§ **Task objective**: Copy the entries below exactly. Images do not belong in the copy.

Entries taken from a collection
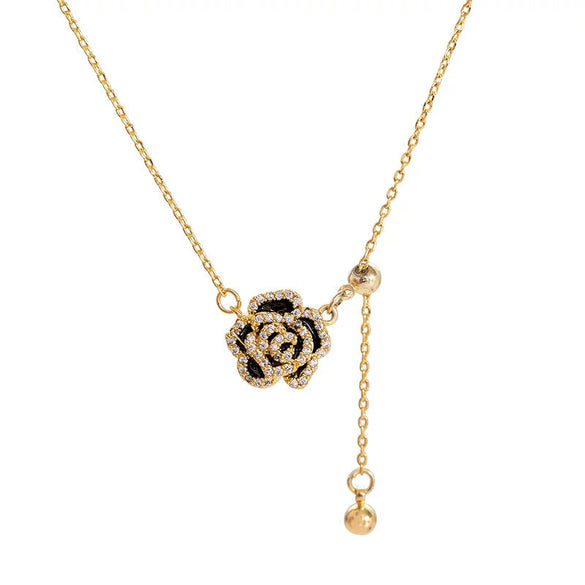 Women's Sterling Silver Camellia Flower Pendant Necklace With Cross Chain Adjustable Collarbone Length And Electroplated Floral Design
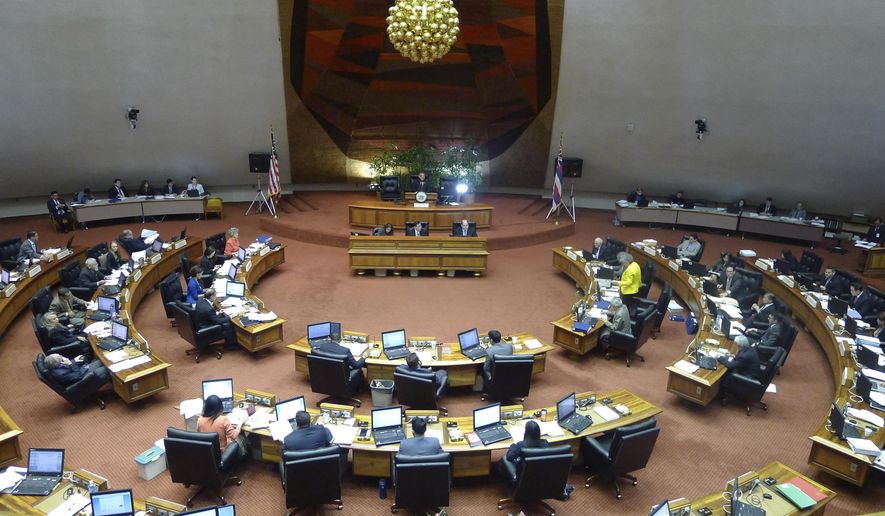 File - In this March 7, 2017 file photo, lawmakers in the Hawaii House voted on hundreds of bills in Honolulu. Four Hawaii lawmakers have been the subject of sexual harassment or sexual misconduct complaints since 2008. Three of the complaints were filed against House members, one against a senator. None resulted in a lawmaker's suspension or expulsion. The senator was counseled and attended one-on-one harassment training. (AP Photo/Cathy Bussewitz, File)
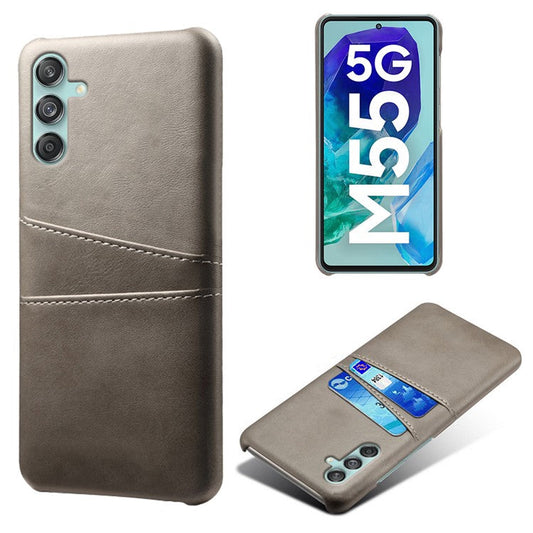 For Samsung Galaxy M55 5G / C55 5G / F55 5G Case Card Holder Leather+PC Phone Cover - Grey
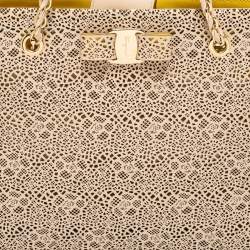 مملوكة مسبقًا Salvatore Ferragamo Beige Laser Cut Leather Chain Tote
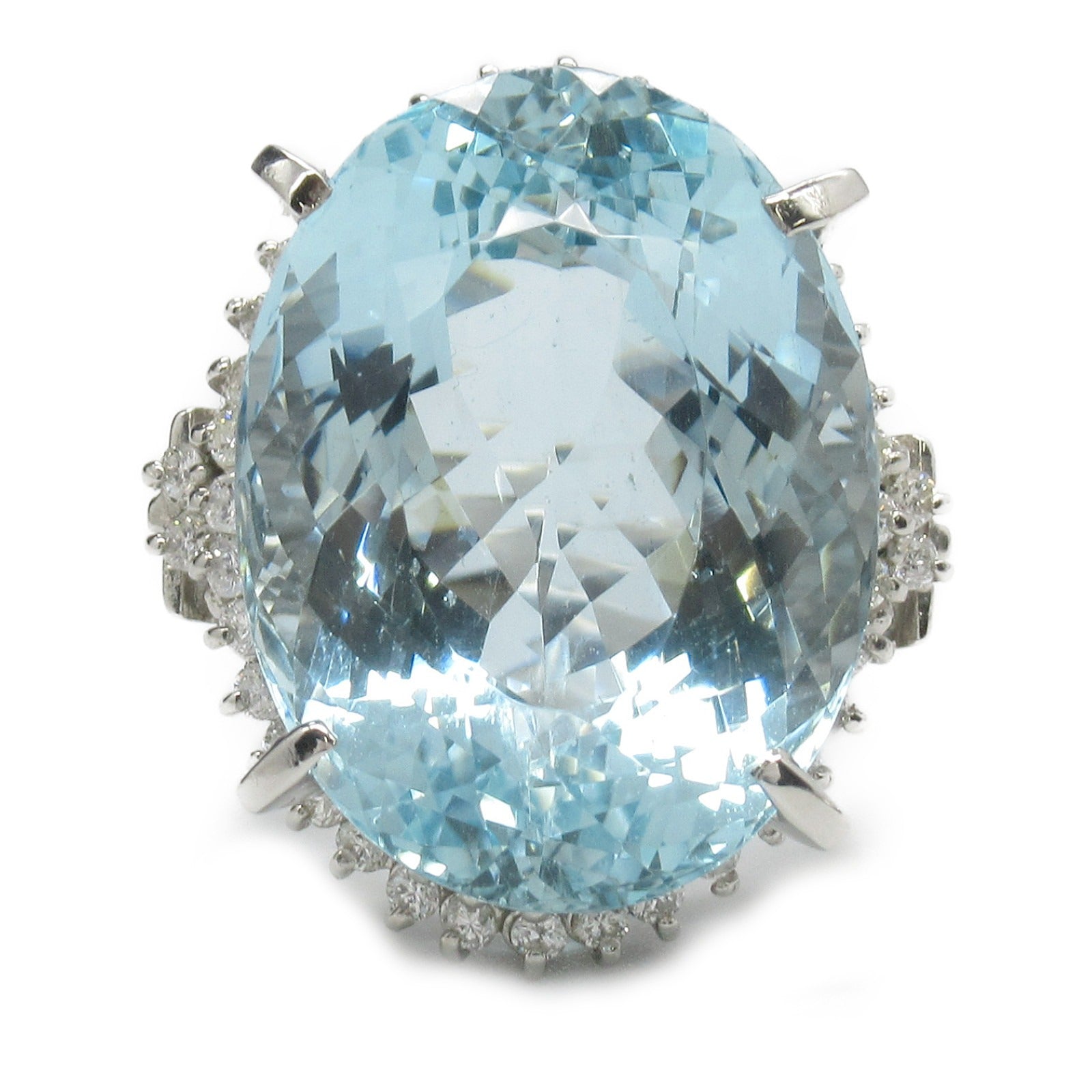 Aquamarine Diamond Ring Pt900 Platinum Jewelry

§ **Task solution**:
 Women's Sterling Silver Camellia Flower Pendant Necklace With Cross Chain Adjustable Collarbone Length And Electroplated Floral Design
 File - In this March 7, 2017 file photo, lawmakers in the Hawaii House voted on hundreds of bills in Honolulu. Four Hawaii lawmakers have been the subject of sexual harassment or sexual misconduct complaints since 2008. Three of the complaints were filed against House members, one against a senator. None resulted in a lawmaker's suspension or expulsion. The senator was counseled and attended one-on-one harassment training. (AP Photo/Cathy Bussewitz, File)
 For Samsung Galaxy M55 5G / C55 5G / F55 5G Case Card Holder Leather+PC Phone Cover - Grey
 مملوكة مسبقًا Salvatore Ferragamo Beige Laser Cut Leather Chain Tote
 Aquamarine Diamond Ring Pt900 Platinum Jewelry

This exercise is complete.